(GOAL OF THE EXERCISE): Return exactly those lines of the material that fall between the line with "this 750×1000 image." and the final line, both included.
□ □ □ □
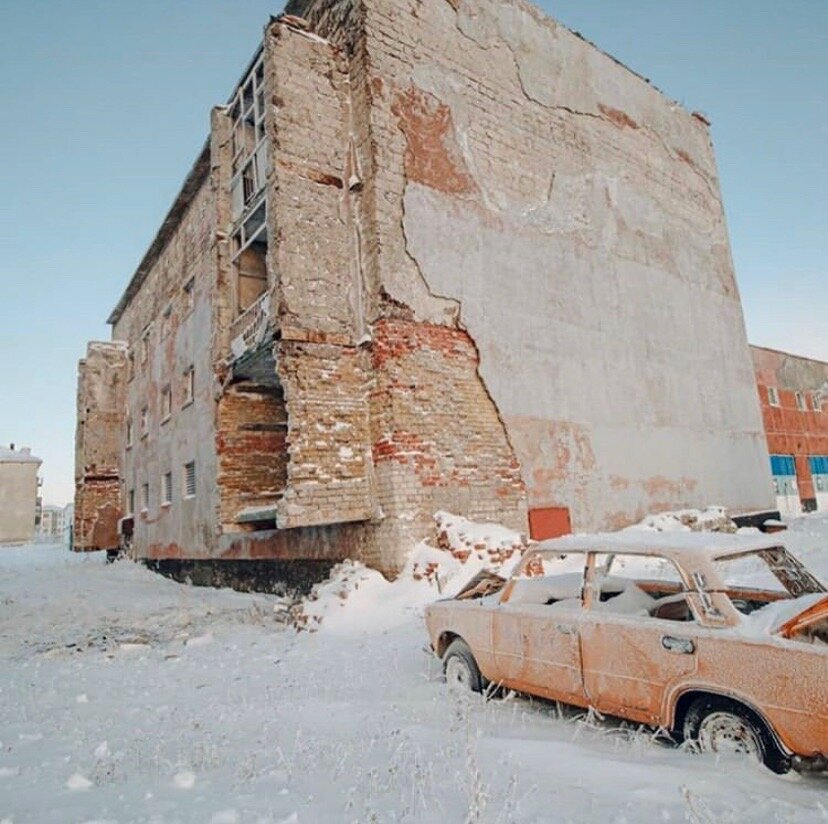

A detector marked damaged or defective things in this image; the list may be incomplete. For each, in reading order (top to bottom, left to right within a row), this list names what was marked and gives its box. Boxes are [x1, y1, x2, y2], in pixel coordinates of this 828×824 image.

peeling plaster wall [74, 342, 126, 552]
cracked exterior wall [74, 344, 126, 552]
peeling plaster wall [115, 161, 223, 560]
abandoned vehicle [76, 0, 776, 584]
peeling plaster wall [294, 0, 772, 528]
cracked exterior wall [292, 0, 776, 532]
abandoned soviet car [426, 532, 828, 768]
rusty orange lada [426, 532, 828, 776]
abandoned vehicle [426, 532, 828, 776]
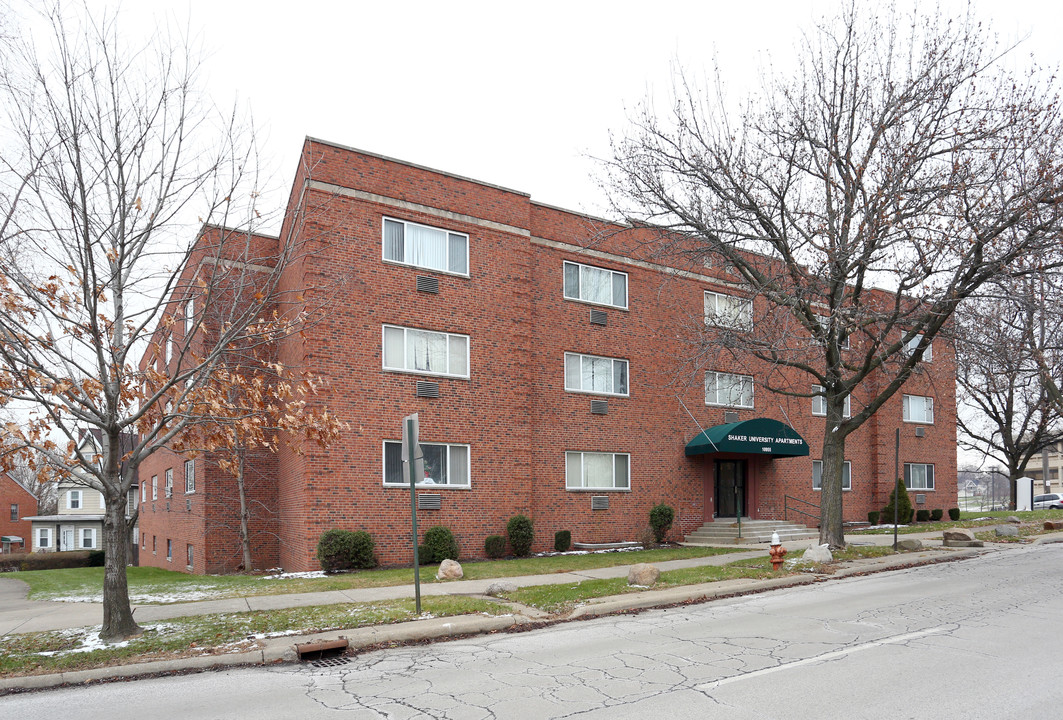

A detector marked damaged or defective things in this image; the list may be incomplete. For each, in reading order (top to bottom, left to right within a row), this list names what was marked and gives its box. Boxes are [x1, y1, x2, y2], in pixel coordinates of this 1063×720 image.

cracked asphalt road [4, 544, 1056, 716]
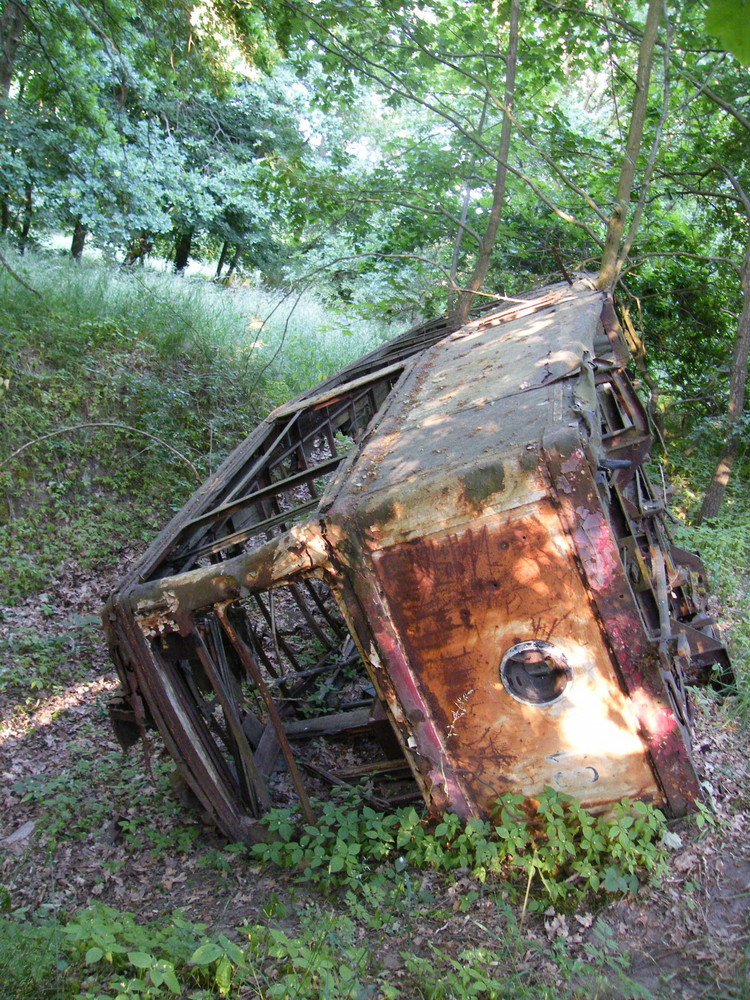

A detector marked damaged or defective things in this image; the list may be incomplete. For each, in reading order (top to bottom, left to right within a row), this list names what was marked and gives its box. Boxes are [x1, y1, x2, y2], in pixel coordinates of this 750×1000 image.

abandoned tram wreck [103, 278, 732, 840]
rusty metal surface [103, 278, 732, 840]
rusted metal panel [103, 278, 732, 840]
□ □ □ □
(TASK RESPONSE):
A detector marked damaged or defective things in this image; the list may be incomplete. For each, in reading order (top to bottom, left to right within a row), this list names what was marked and gives its box. Boxes are [x1, y1, x2, y2], in pixel coordinates of this 750×1000 image.

abandoned tram wreck [103, 278, 732, 840]
rusty metal surface [103, 278, 732, 840]
rusted metal panel [103, 278, 732, 840]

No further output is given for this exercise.